A total of 55 candidates participated in the OSCEs (27 in the spring, 28 in the fall). There were 11 stations in the spring exam that had paired SPs and examiners, because one station did not require a SP. There were 12 stations in the fall examination. This provided 633 potential sets of associations. However, sometimes examiners failed to give marks (once for communication and nine times for the overall mark); SPs failed to give marks 20 times for communication and 22 times for the overall mark.

The results of the correlations between examiner and SP scores are presented in Table 1. Agreement was lowest (0.41) between the SP communication score and the examiner overall score. Agreement was highest (0.56) between the examiner score for communication and the overall mark that they gave.

Doctors work and train in an age of increasingly standardized assessment. As such, postgraduate clinical examinations are moving toward an OSCE format. In the near future, all U.K.-trained psychiatric residents will be examined only by means of an OSCE in the clinical part of their postgraduate examinations.

Standardized patients are widely regarded as proxies for real patients. With the increasing emphasis on appraisal and patient feedback in medical practice, the incorporation of SP scores into the overall marking scheme for postgraduate OSCEs may be foreseen (9). Despite the face validity of doing so, this study shows that caution may be needed in this proposed action, because there was only a moderate degree of agreement between examiner and SP marks. Experienced physician-examiners are the closest thing to a “gold standard” in an OSCE. As such, including SP scores lacks concurrent validity.

Our findings are in keeping with those of McLaughlin et al. (10), who reported a weak correlation (coefficient 0.4) between physician-examiners’ scores and those of SPs. Such a level of agreement may not be adequate to rate performance in such an important examination. McLaughlin et al. (10) also found that, unlike physician-examiner scores, SP scores were not related to other measures of competence, like multiple-choice examination marks.

A potential weakness of this study is that the difference between SP and examiner scores may be attributable to the normal variation between examiners found in OSCEs. Although interexaminer data were not collected during the two OSCEs reported here, they were during subsequent examinations. In the fall 2006 OSCE, an external examiner scored a proportion of candidates in addition to the usual examiners. There was a high degree of correlation between scores (coefficient 0.67). This examination was organized in a very similar manner, with mostly the same SPs and examiners as those used in the 2005 OSCEs.

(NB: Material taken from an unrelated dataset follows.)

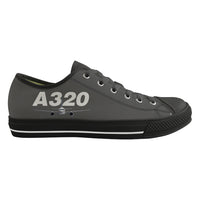 Thumbnail for Super Airbus A320 Designed Canvas Shoes (Women)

Another potential limitation is that the marking sheet used by SPs has not been validated. This may especially apply to the SP overall mark, which requires the examiner to score the candidate based on a number of technical criteria beyond the knowledge of a layperson. SPs were not trained in the clinical skills assessed in each station, raising concerns over the validity of their scores for overall performance. However, even in the domain of communication, the degree of agreement between examiners and SPs remained only moderate. Communication skills appear to be perceived differently according to one’s role in the OSCE. Furthermore, judgment of communication is likely to be extremely subjective and hard to quantify. This is in keeping with previous studies that have found scores from OSCE communication checklists to be poor predictors of patient perceptions of doctor communication (11).

We decided to look at potential reasons why SPs and examiners score candidates differently. We reviewed the literature on medical communication skills, and drew up a list of 10 common domains for good communication (ranging from not using medical jargon to responding to nonverbal cues). In the fall 2006 OSCE, examiners (n=21) and SPs (n=11) were asked to rate on a 5-point scale how much they agreed that each quality was important when scoring candidates for communication. When a Mann-Whitney U test was applied, there were no significant differences between the examiner and SP responses. Caution needs to be used when interpreting the results of this post hoc work, which only had a small number of participants. However, it seems that explaining why SPs and examiners mark communication differently is difficult. Identifying the reasons for this is important and should be the focus of future research using a more sophisticated study design.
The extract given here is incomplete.